(449) CD15+ Myeloid Cells from Patients with Disseminated Coccidioidomycosis Inhibit CD4+ T Cell Proliferation

Introduction/Rationale: Valley fever (VF) is a respiratory disease caused by Coccidioides and is estimated to cost over 3 billion in medical costs annually. In VF, the infiltration of Ly6G+ cells into the lungs has been reported in mice and humans, but the role of these cells has not been fully uncovered. Ly6G+ cells share a phenotype with myeloid-derived suppressor cells (MDSCs), which suppress protective immunity. We previously showed, Ly6G+ cells enriched from the lungs of non-protected mice suppressed CD4+ T cell proliferation and exacerbated disease in vaccinated mice. Thus, a portion of the infiltrated Ly6G+ cells comprises MDSCs, which contribute to the pathogenesis. Parallelly, we have analyzed PBMCs from VF patients, to investigate whether these myeloid cells are immunosuppressive. We hypothesize CD15+ cells isolated from the PBMCs of disseminated patients suppress CD4+ T cell function to a greater extent than those isolated from recovered patients.
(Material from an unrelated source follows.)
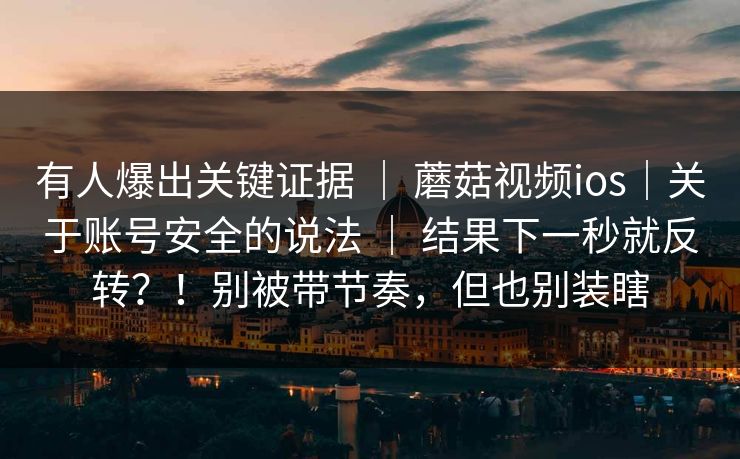 有人爆出关键证据 | 蘑菇视频ios|关于账号安全的说法 | 结果下一秒就反转?!别被带节奏,但也别装瞎 有人爆出关键证据 | 蘑菇视频ios|关于账号安全的说法 | 结果下一秒就反转?!别被带节奏,但也别装瞎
Methods: PBMCs from recovered (n=18), pulmonary (n=5), and disseminated (n=11) VF patients were evaluated for CD15+ (HLA-DR-CD11b+CD15+). A functional assay was performed in recovered (n=10), pulmonary (n=4), and disseminated (n=6) patients. CD15+ cells were enriched and combined with autologous CD4+ T cells at a 1:1 ratio with anti-CD3/CD28 beads for 72 hours.
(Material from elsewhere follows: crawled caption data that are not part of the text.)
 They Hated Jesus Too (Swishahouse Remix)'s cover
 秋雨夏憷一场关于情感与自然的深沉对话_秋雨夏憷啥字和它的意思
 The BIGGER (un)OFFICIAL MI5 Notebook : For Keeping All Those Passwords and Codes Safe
Results: Flow cytometric analysis revealed that the composition of CD15+ myeloid cells in PBMCs from three patient cohorts was comparable, consistent with other reports of microbial infection. Indeed the CD15+ cells from disseminated patients suppressed a significantly higher percentage of CD4+ T cell proliferation than those from recovered and pulmonary patients.
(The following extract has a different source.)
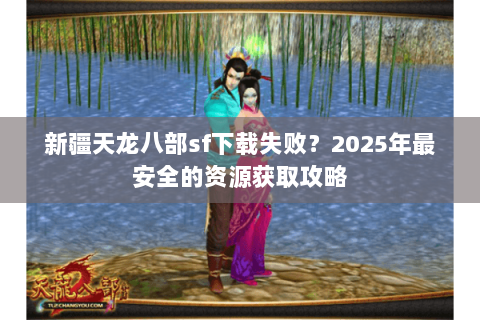新疆天龙八部sf下载失败?2025年最安全的资源获取攻略 新疆天龙八部sf下载失败?2025年最安全的资源获取攻略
Conclusion: These data demonstrate that CD15+ myeloid cells from disseminated patients suppress CD4+ T cells, a function shared with MDSCs. This discovery is parallel to our previous report that MDSCs are recruited into the lungs and exacerbate disease in Coccidioides-infected mice. Our data provide an insight on the role of CD15+ myeloid cells in VF.